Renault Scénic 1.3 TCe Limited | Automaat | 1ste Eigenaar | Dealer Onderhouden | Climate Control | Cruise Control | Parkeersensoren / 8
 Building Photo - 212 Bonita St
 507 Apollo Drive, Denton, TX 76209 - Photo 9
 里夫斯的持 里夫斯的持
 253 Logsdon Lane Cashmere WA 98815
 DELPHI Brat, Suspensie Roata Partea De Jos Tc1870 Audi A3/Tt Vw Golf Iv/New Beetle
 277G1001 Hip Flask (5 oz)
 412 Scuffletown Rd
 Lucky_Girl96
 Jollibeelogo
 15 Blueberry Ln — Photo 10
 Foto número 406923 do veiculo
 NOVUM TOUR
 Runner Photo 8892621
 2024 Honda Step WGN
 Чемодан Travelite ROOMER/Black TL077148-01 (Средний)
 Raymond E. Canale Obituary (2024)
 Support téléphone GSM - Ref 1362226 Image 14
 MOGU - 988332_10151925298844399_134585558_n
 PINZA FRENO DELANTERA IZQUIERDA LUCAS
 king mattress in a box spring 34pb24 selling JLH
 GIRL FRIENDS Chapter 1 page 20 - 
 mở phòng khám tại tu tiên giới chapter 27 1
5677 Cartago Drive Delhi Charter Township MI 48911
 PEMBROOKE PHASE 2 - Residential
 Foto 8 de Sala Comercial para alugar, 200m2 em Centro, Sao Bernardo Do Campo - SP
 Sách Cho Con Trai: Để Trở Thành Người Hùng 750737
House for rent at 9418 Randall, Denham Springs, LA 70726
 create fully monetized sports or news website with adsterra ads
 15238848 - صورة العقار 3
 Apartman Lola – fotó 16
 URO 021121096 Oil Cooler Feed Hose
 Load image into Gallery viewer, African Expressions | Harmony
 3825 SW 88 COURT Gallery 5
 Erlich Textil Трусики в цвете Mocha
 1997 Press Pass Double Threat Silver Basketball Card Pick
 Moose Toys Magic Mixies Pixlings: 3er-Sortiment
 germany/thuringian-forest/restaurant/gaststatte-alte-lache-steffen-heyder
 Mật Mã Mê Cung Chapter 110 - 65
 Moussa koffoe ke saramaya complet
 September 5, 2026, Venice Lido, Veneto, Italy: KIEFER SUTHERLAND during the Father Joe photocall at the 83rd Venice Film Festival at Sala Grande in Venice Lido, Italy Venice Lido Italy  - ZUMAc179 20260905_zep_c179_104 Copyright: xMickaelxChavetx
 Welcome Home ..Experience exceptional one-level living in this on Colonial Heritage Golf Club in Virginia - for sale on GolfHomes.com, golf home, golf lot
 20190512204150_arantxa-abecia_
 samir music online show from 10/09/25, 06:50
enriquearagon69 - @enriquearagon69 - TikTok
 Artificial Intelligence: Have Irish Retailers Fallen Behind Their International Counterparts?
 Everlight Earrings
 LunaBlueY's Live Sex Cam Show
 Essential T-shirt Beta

[What the task asks] With no word changed, write the entries out once more.

[Finished task]
Renault Scénic 1.3 TCe Limited | Automaat | 1ste Eigenaar | Dealer Onderhouden | Climate Control | Cruise Control | Parkeersensoren / 8
 Building Photo - 212 Bonita St
 507 Apollo Drive, Denton, TX 76209 - Photo 9
 里夫斯的持 里夫斯的持
 253 Logsdon Lane Cashmere WA 98815
 DELPHI Brat, Suspensie Roata Partea De Jos Tc1870 Audi A3/Tt Vw Golf Iv/New Beetle
 277G1001 Hip Flask (5 oz)
 412 Scuffletown Rd
 Lucky_Girl96
 Jollibeelogo
 15 Blueberry Ln — Photo 10
 Foto número 406923 do veiculo
 NOVUM TOUR
 Runner Photo 8892621
 2024 Honda Step WGN
 Чемодан Travelite ROOMER/Black TL077148-01 (Средний)
 Raymond E. Canale Obituary (2024)
 Support téléphone GSM - Ref 1362226 Image 14
 MOGU - 988332_10151925298844399_134585558_n
 PINZA FRENO DELANTERA IZQUIERDA LUCAS
 king mattress in a box spring 34pb24 selling JLH
 GIRL FRIENDS Chapter 1 page 20 - 
 mở phòng khám tại tu tiên giới chapter 27 1
5677 Cartago Drive Delhi Charter Township MI 48911
 PEMBROOKE PHASE 2 - Residential
 Foto 8 de Sala Comercial para alugar, 200m2 em Centro, Sao Bernardo Do Campo - SP
 Sách Cho Con Trai: Để Trở Thành Người Hùng 750737
House for rent at 9418 Randall, Denham Springs, LA 70726
 create fully monetized sports or news website with adsterra ads
 15238848 - صورة العقار 3
 Apartman Lola – fotó 16
 URO 021121096 Oil Cooler Feed Hose
 Load image into Gallery viewer, African Expressions | Harmony
 3825 SW 88 COURT Gallery 5
 Erlich Textil Трусики в цвете Mocha
 1997 Press Pass Double Threat Silver Basketball Card Pick
 Moose Toys Magic Mixies Pixlings: 3er-Sortiment
 germany/thuringian-forest/restaurant/gaststatte-alte-lache-steffen-heyder
 Mật Mã Mê Cung Chapter 110 - 65
 Moussa koffoe ke saramaya complet
 September 5, 2026, Venice Lido, Veneto, Italy: KIEFER SUTHERLAND during the Father Joe photocall at the 83rd Venice Film Festival at Sala Grande in Venice Lido, Italy Venice Lido Italy  - ZUMAc179 20260905_zep_c179_104 Copyright: xMickaelxChavetx
 Welcome Home ..Experience exceptional one-level living in this on Colonial Heritage Golf Club in Virginia - for sale on GolfHomes.com, golf home, golf lot
 20190512204150_arantxa-abecia_
 samir music online show from 10/09/25, 06:50
enriquearagon69 - @enriquearagon69 - TikTok
 Artificial Intelligence: Have Irish Retailers Fallen Behind Their International Counterparts?
 Everlight Earrings
 LunaBlueY's Live Sex Cam Show
 Essential T-shirt Beta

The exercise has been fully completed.